February 27, 2010

Microsoft Word Fail

Can anyone spot the problem with Word's built-in suggestions, here?

Maybe this is why some of my students are so f&#!ing illiterate.

February 26, 2010

February 24, 2010

Department of the Bleedin' Obvious

There's something about this headline that just isn't that surprising:

AOL News: Killer Whale Kills Again at SeaWorld Orlando

SeaWorld has "initiated an investigation to determine, to the extent possible, what occurred," which might seem like asking a stupid question ("oh, it was a KILLER whale"), except that SeaWorld's General Manager and impromptu spokesperson is none other than one DAN BROWN, so I'm guessing the whale was actually trying to cover up a Templar conspiracy or something.

SeaWorld has also evacuated all visitors from the area surrounding the whale's tank. Just in case...?

Speaking of obvious headlines:

Newsvine: ‘Millennials’ an always on, texting generation

Gosh, there's another piece of news I never would have expected. People born after 1980 use more technology than their parents! Who knew?

Tell me, internet, do you have any more startling revelations to share before I get back to work?
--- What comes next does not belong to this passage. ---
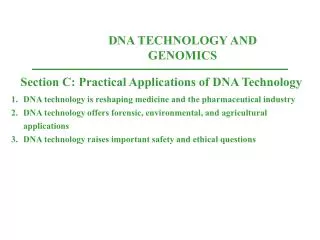 DNA TECHNOLOGY AND GENOMICS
AOL Spinner: Vampire Weekend's Rostam Batmaglij Comes Out

Someone in Vampire Weekend is GAY? I DON'T BELIEVE IT.

February 21, 2010

Flogging A Hobbyhorse

It's time now, once again, to return to bashing my favourite pseudo–news outlet, AOL's Daily Finance: Give The National Enquirer a Pulitzer Prize? Why Not?
After hinting that it wasn't going to allow The National Enquirer to compete, the body that oversees the Pulitzer Prizes has reversed course and decided to accept the tabloid's submissions. This isn't going to please a lot of old-school journalism grandees, but it was the intellectually honest thing to do. Nice job.
Oooooh-kaaaay... I am willing to go along with this, despite your apparent conflation of "old-school journalism grandees" and "people who actually read newspapers", because I am morbidly curious as to what your argument is...
To understand why the Enquirer ought to be eligible, all you really need to know is that the Pulitzer committee's eligibility criteria range from vague to subjective to nonexistent. Is the Enquirer's reporting "distinguished"? That's a matter of opinion. Does it adhere to "the highest journalistic principles"? Well, probably not all the time -- but, then, who does?
Ah, of course: the Dick Cheney school of journalism.
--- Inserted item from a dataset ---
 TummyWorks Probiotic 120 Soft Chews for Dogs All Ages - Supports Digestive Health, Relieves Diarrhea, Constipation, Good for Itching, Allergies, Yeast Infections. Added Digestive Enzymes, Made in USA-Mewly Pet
Incidentally, DailyFinance author, I realise that your last sentence was meant to be a rhetorical question, but I'm going to answer it anyway: YOU don't adhere to the highest journalistic principles all the time. I'm surprised you can even spell "journalistic principles". What this "column" basically boils down to is, "sure, the Enquirer doesn't meet the Pulitzer criteria in a conventional way, but it sort of does and anyway the criteria don't really matter". That is some great fucking insight. A+.
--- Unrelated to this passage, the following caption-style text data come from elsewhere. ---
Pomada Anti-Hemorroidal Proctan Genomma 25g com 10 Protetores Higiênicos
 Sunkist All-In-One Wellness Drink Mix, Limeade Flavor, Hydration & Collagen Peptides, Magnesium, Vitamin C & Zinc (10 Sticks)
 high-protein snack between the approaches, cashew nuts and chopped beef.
Also, how does any of this explain why allowing the Enquirer to remain eligible is "the intellectually honest thing to do"? How can you be intellectually honest with regard to standards that have no real meaning? FFS.

Incidentally, I'm actually pretty sure the author of this column is not a total bonehead, because in his last paragraph he does a 180-degree turn from the "intellectually honest" garbage and says:
No, the National Enquirer isn't the kind of publication upon whom Pulitzer judges usually bestow their blessing, and perhaps with good reason (emphasis mine)
Which suggests to me that he is quite aware he's whistling Dixie and would like to leave himself the room to step back from the giant, journalistic dookie he's just dropped (if you'll permit a mixed and distasteful metaphor).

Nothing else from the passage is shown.